Modeling and projections are complementary components to the proper evaluation of your existing business. Cash is king – and especially so in challenging environments. That makes understanding the source and uses of cash particularly important right now. Spending some time to model this aspect of your business so you can understand what your runway looks like for continuing operations is critical. M&A transactions take time and you need to understand your ability, at a minimum, to maintain the business until a transaction closes. Examining methods of how to extend your company’s runway and the tradeoffs of doing so before engaging with a buyer will help you outline the parameters you need to work within. In addition to budgeting for key departmental and administrative expenses, you will want to get a bottom-up understanding of sales growth in your projections. Having a structured but flexible financial model that you can run key scenarios through and understand the financial impact of your business is a critical aspect of making significant business decisions regularly. It is also especially important when evaluating the optionality inherent in M&A activity.

3. Optimization

What’s the best optimization of your business that you can achieve and maintain over at least a six-month period? Can you turn your business levers to their short-term maximum potential? It’s time to do some analysis of your business from that perspective. Are your costs of goods sold allocated properly but also favorably? Have you examined how to get the most out of your existing gross margin structure? What sales pricing and motions can you leverage to prioritize growth now? Is your internal personnel and cost structure properly allocated or can you find improvement by inserting controls and mitigating spend? Finally, are your financial and metrics reporting in order or do you need to do some structural review and tweaking? If you’re going to get a deal done and maximize its value, refining your business for optimization over a much narrower time window, in periodic sprints, can be particularly useful (but of course comes with tradeoffs).

4. Due Diligence

Of course no conversation about M&A preparation is complete without a discussion of due diligence. Collecting and reviewing all of your company’s documentation in terms of contracts, patents, liabilities, and agreements so that they are accessible and organized will save a lot of time and headache during deal execution. Due diligence activities can redirect a considerable amount of time and resources away from normal business activities, but advanced preparation can control and distribute those demands more favorably (and less disruptively) across your internal team. It’s also prudent to do a risk and repair assessment of your company’s tax, compliance, legal, and litigation situation so that there are no surprises. If there are any outstanding issues, course correcting before engaging with a buyer (or at least having a mitigation plan already under way) will generally be a better position to be operating from.
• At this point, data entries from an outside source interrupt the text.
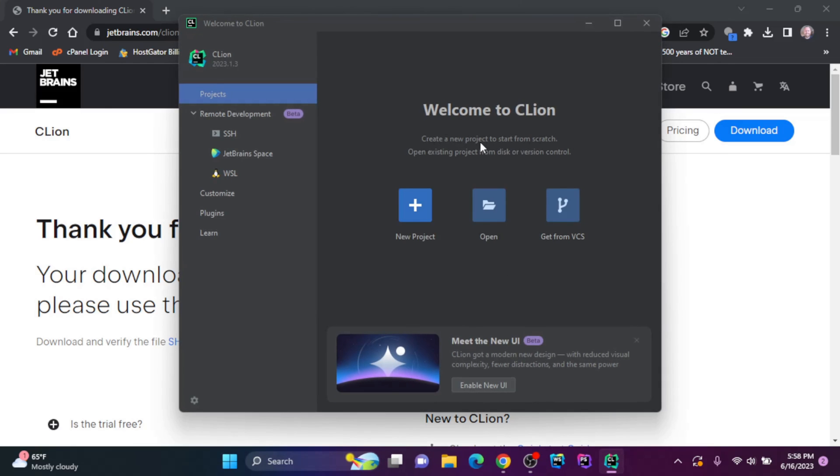And there you go. CLion pops up. If you've never installed JetBrains products, you'll have to accept the agreement and then enter a license or start a free 30-day trial or buy a license.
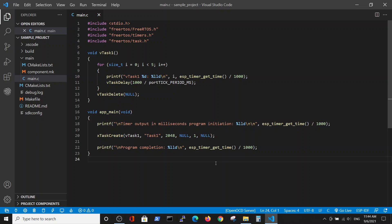In this video we're going to talk about task creation, the simplest task. We continue to use the following headers of FreeRTOS and timers, and added the task header for FreeRTOS.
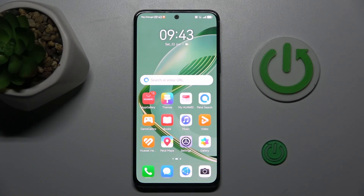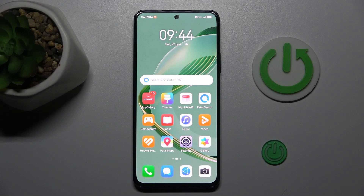Hi guys, welcome to Hardest Info Channel. Today I have the Huawei Nova 12SA and I want to show you how to enable or disable Find My Device.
If there are any outstanding issues, course correcting before engaging with a buyer (or at least having a mitigation plan already under way) will generally be a better position to be operating from.
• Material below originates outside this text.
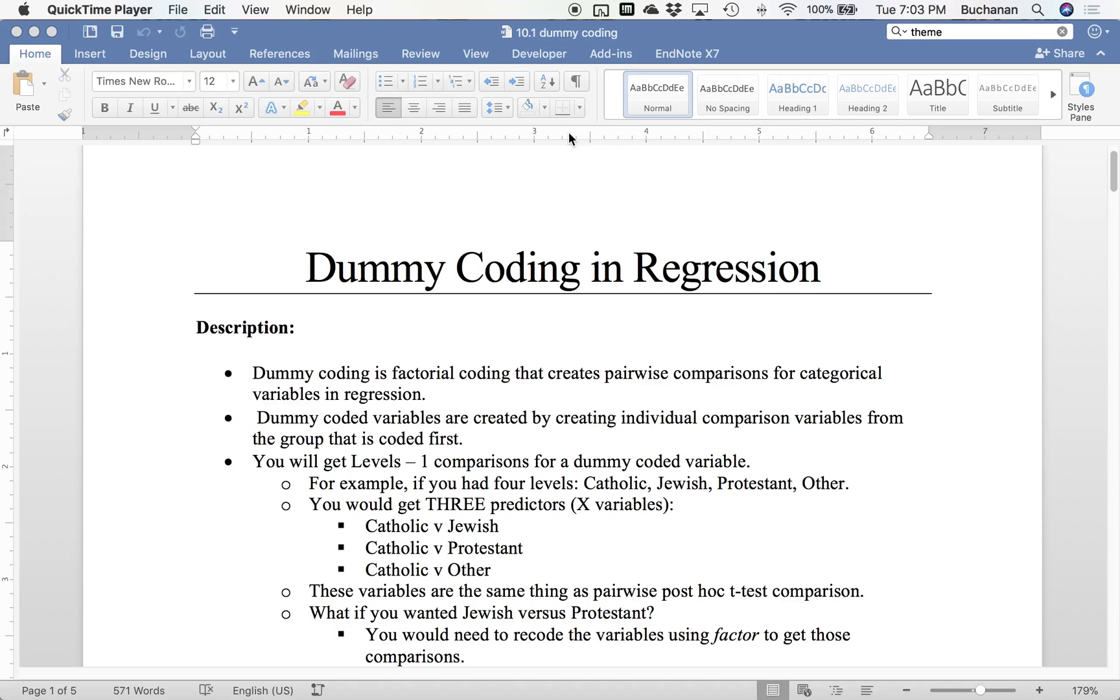Hi everyone. This video is going to cover dummy coding in regression, specifically for R.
Finally, amassing all of that information and having it easily accessible in a digital data room is an efficient and effective way to then share that information with potential acquirers.
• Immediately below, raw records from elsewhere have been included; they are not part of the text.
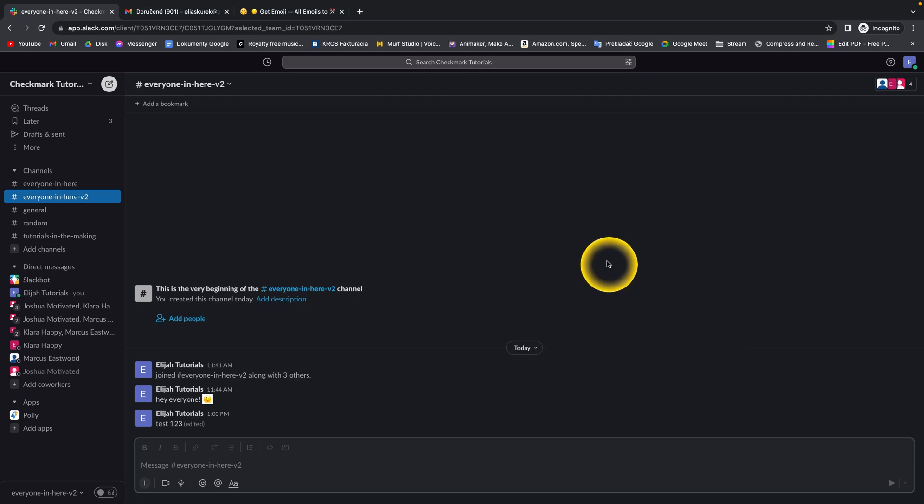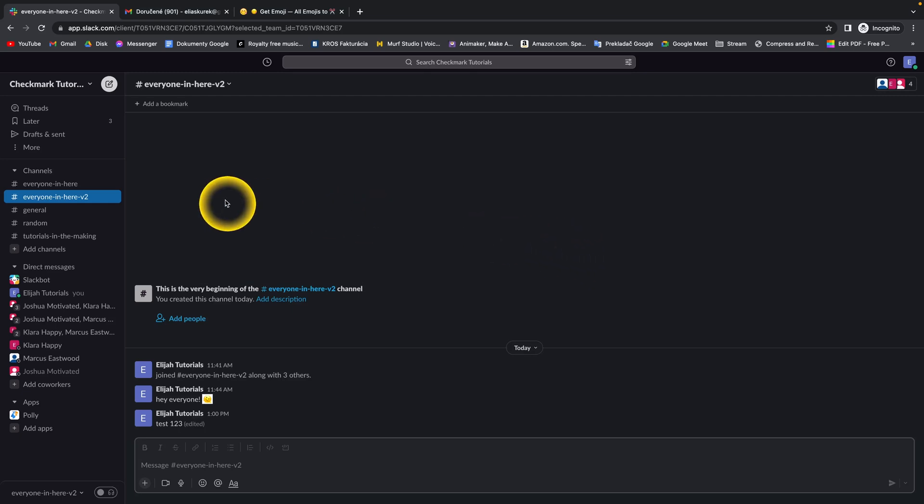Hey guys, my name is Elijah and I will show you right now how to find Workspace URL in Slack.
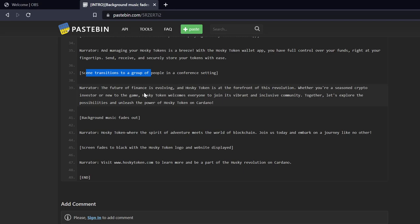Background music fades out. Narrator: Husky Token, where the spirit of adventure meets the world of blockchain. Join us today and embark on a journey like no other. Screen fades to black with the Husky Token logo and website displayed. Narrator: Visit www.huskytoken.com to learn more and be part of the Husky revolution on Cardano. And just so you know, that is not a real website, so please don't go there. The actual real website to Husky I'll put that in the description with all the links as well.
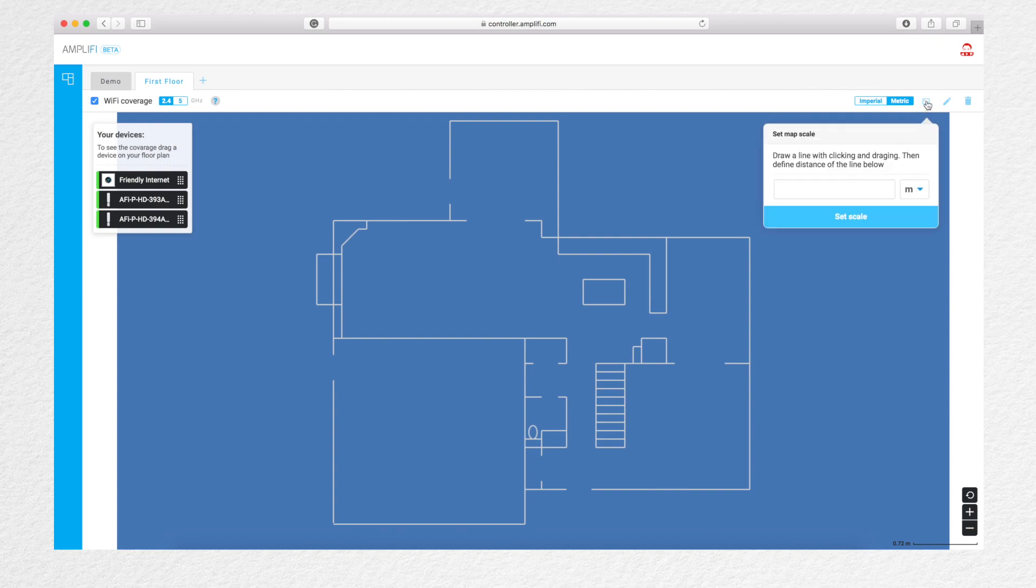Click the little box to set the scale by drawing a line on the image of something that you know the distance of and then entering that distance.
In this first installment of our M&A Considerations series, we’ve discussed major themes for sellers to consider in preparation for any interested third parties. These are actions that a seller can directly control which benefit them independent of whether or not there is any immediate purchasing interest. In our second installment, we discuss what a seller can proactively do to engage and develop interest from outside parties when prioritizing and pursuing an exit via merger and acquisition.